Jetzt habe man sich „auf einen Kompromiß geeinigt“:

Zwar ändert sich an dem Verfahren der Aufgabenzuteilung an ARD und ZDF grundsätzlich nichts. Es gibt also keine direkte staatliche Genehmigung. Die Staatskanzleien der Länder prüfen aber als zuständige Rechtsaufsicht, ob die von den Rundfunkräten der ARD sowie dem ZDF-Fernsehrat erteilten Aufgaben im Einklang mit dem Recht stehen - und erteilen diesen so den benötigten staatlichen Segen.

Und zur rechtlichen Bedeutung dieses Kompromisses heben die Autoren Kafsack und Mussler hervor:

Damit hätten die Länder erstmals zugegeben, so heißt es in der Kommission, daß die EU für die Vergabe der Rundfunkgebühren zuständig sei.
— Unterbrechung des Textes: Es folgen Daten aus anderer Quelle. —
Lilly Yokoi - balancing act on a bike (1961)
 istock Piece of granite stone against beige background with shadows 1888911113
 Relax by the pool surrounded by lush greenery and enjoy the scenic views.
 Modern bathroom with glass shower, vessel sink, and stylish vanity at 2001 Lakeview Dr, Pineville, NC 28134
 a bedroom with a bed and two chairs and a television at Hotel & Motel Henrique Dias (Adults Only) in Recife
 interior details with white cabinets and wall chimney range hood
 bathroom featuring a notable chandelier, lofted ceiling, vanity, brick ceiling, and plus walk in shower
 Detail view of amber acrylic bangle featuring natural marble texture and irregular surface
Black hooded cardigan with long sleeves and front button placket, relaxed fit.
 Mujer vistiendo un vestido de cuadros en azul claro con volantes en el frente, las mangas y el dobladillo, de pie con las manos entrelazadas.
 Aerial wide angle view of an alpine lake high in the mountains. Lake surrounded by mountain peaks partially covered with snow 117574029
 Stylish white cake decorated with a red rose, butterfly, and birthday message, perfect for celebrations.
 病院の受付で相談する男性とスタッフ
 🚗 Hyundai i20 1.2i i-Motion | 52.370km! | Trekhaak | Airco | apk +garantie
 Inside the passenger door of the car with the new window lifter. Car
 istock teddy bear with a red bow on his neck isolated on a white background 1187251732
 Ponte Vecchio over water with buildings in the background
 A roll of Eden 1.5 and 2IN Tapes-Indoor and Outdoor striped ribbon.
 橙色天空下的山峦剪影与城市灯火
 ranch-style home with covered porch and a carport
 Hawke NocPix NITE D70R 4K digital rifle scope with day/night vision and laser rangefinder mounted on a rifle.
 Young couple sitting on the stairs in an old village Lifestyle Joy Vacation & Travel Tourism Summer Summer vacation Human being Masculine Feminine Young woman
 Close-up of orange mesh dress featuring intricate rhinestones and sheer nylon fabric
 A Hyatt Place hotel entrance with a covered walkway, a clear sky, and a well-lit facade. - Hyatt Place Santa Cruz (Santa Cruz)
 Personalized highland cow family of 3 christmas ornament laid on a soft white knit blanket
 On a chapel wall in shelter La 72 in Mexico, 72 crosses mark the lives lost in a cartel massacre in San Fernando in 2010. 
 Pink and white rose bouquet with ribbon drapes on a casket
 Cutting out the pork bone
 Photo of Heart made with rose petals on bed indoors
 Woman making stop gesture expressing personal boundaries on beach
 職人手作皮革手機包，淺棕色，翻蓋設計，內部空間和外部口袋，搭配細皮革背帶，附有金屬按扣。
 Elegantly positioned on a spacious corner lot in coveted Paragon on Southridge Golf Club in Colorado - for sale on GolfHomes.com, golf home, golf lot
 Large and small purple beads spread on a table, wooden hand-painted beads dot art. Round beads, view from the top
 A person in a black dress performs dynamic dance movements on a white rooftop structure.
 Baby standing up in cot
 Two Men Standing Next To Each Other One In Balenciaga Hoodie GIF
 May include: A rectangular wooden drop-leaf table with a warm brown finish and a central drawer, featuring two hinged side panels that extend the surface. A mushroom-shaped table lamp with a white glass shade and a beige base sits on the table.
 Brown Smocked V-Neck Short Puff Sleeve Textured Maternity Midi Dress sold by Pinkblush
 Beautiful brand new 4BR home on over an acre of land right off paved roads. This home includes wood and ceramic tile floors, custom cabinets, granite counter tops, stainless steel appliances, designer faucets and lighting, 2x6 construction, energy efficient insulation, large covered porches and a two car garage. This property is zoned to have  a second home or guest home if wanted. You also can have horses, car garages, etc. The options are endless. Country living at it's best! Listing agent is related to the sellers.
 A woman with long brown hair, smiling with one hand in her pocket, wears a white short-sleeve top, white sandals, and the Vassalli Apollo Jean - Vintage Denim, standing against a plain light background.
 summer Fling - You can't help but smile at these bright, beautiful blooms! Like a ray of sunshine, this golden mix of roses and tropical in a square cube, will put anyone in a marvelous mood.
Und sie hätten sich bereit erklärt, deutsches Recht an die EU-Regeln anzupassen.

Möglich sei dies sicherlich auch durch den Druck aus dem Kanzleramt geworden, dort habe man kein Interesse daran, während des EU-Ratsvorsitzes den Streit fortzusetzen.

Die EU-Kommission erwartet, dass der Rundfunkstaatsvertrag im Jahr 2008 geändert wird.

Wir, die Redaktion Das GANZE Werk, knüpfen daran die Hoffnung, dass - unter dem Druck der EU-Kommission - Bildungs- und Kulturauftrag noch verbindlicher geregelt und kommerzielle Einfallstore in das inhaltliche Programm abgeschottet werden.